DÜNYADAKİ BÜTÜN KRİZLER AÇGÖZLÜKTEN KAYNAKLANIR
Dünyadan aya bakıldığında, nasıl küçük bir küre olarak görülürse, aynı şekilde, aydan dünyaya bakılırsa, dünya da küçük bir küre olarak görülür. Dünyada yaşayanlar, anlamakta güçlük çekseler de, sınırsız gibi görülen dünya, sınırlı kaynaklara sahiptir. Bu yüzden savaşsız, bir dünya ve adil bir ekonomik yapı için, dünyada yaşayanların, az ya da çok ellerinde olanların, değerlerini ve önemlerini, iyi bilmeleri gerekir.Bir küçük virüs her şeyi bitirir.
*
Sınırlı bir dünyanın kaynaklarının, insanların sınırsız isteklerini karşılaması mümkün değildir. Kaynakları bilinen bir dünyada, hem üreticiler, hem de tüketiciler olarak, insanlar istedikleri ürünleri üretme ve istedikleri ürünleri de tüketme hakkına sahip değildirler. Üretimde ve tüketimde, doğru ile yanlışın, iyi ile kötünün, güzel ile çirkinin sınırlarını, genel etik değerler ve değişmez hukuk kuralları belirler. Ekonomi gibi, bütün sosyal bilimlerin kaynağında, küresel değerler vardır.
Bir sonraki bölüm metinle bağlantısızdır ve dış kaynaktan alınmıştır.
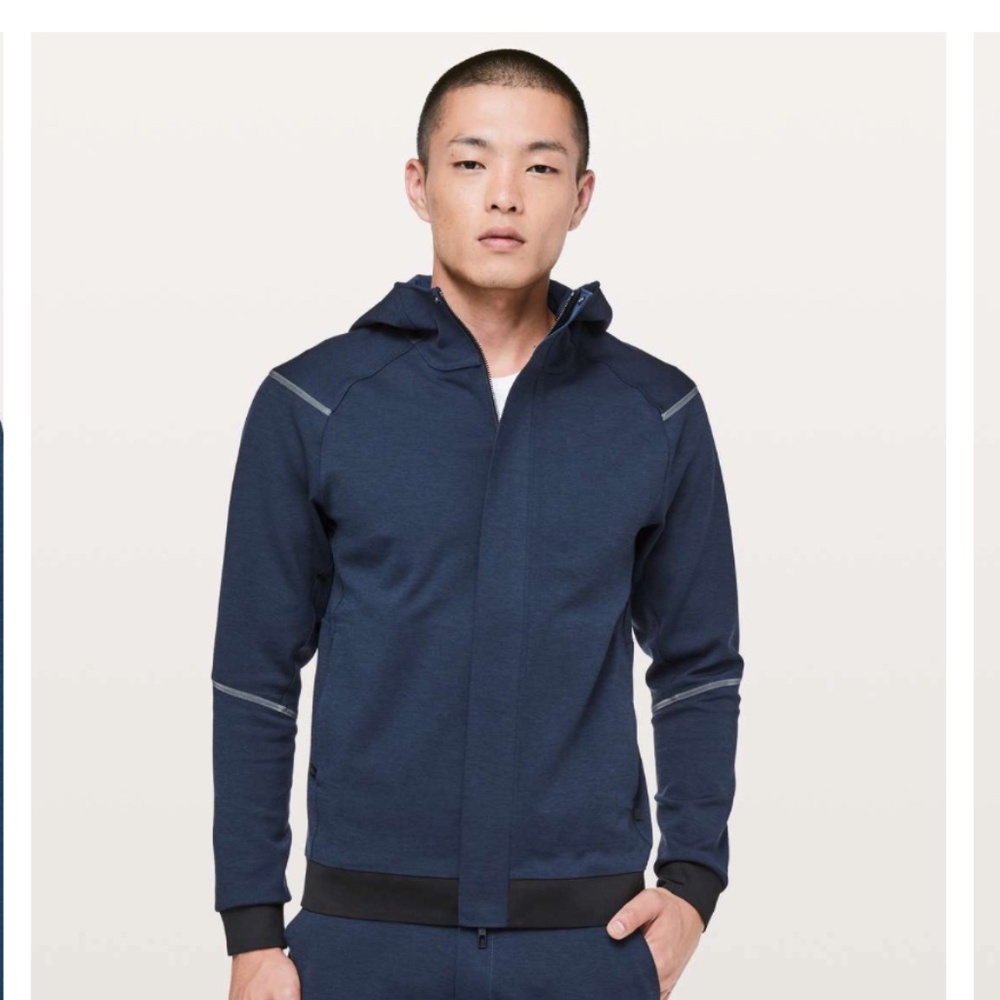 Lululemon Axiom Full Zip Hoodie Jacket - Size L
Değersiz ekonomide,hiçbir değerin değeri bilinmez.
*
Dünyanın her yerinde geçerli , herkesin sorumlu olduğu, ana etik ve hukuk kuralı: “Hayatın bütün boyutlarında, iyilikleri özendirmek ve büyütmek, kötülükleri önlemek ve küçültmektir.” Bütün sosyal bilimlerin benimsemesi gereken bu kural, tabiatın yasaları kadar doğaldır ve her yerde geçerlidir. Bu yüzden beş bin yıllık, İnsanlık tarihi içinde, ortaya çıkan bütün dinler, iyiliklerin peşinden koşmayı ve kötülüklerden kaçmayı, benimsemişler ve ortak değer olarak kabul etmişlerdir.
*
Küresel etik ve hukuk değerlerinin çizdiği ana çerçeve içinde, insanların iyilikte, doğrulukta ve paylaşmada yarışmaları, toplumun üretim gücünü hem büyütür, hem de yeni boyutlar kazandırır. Tarihin her döneminde, özel ve kamusal boyutlarıyla, bütün bir hayat, her gün yeniden başlayan, uzun soluklu bir iyilikleri benimseme, kötülüklerden kaçınma yarışıdır. Yarışta en büyük engel, herkesi etkileyen doyma bilmez açgözlülüktür. Bu yüzden bütün dünyada, sınır tanımayan açgözlülük, savurganlık, yoksulluk ve açlık başta olmak üzere, bütün kötülüklerin anası, bütün krizlerin kaynağı olarak görülmüştür.
*
Akdeniz tarihcisi F.Braudel”in vurguladığı gibi: “Ekonomiyi kültür, politika ve değerlerden soyutlamak mümkün değildir.” Ekonominin tarihi, Adam Smith ile değil, bütün insanlığın atası Adem Peygamberle başlar, odak noktasında, hem üreten ve tüketen olarak açgözlü insan değil, tokgözlü insan vardır.
*
İsteklerini dizginlemesini bilmeyen açgözlü Kabil, kardeşi Habil’in kanını döken ilk insandır.Kabil’in çocukları o günden bu güne,Habil’in çocuklarının kanlarını dökmeye devam etmektedirler.Dökülen kanların oluşturdu denizde, hem Kabil’in hem Habil’in çocukları boğularak ölmektedirler.
*
Kabil’in çocuklarının açgözlülüğünün sınırı yoktur.Onlara bir dünya verilse,ikinci dünyayı,iki dünya verilse, üçüncü dünyayı isterler.
*
Anadolu bilgelerinin dediği gibi: “Gözün karnı yoktur.” Kabil’in çocuklarının gözlerini yalnızca toprak doyurur.
*
Açgözlü Kabil’in çocukları yalnızca kendi ülkelerini değil, bütün ülkeleri krizden krize sürüklemektedirler.
*
Dünyada açgözlülük bağımlığı, tedavi edilmesi, bütün ülkelerin, ortak ana sorunudur.
*
Dünyanın aradığı ilaç, dış dünyanın bilginlerinde değil, iç dünyanın bilgelerindedir.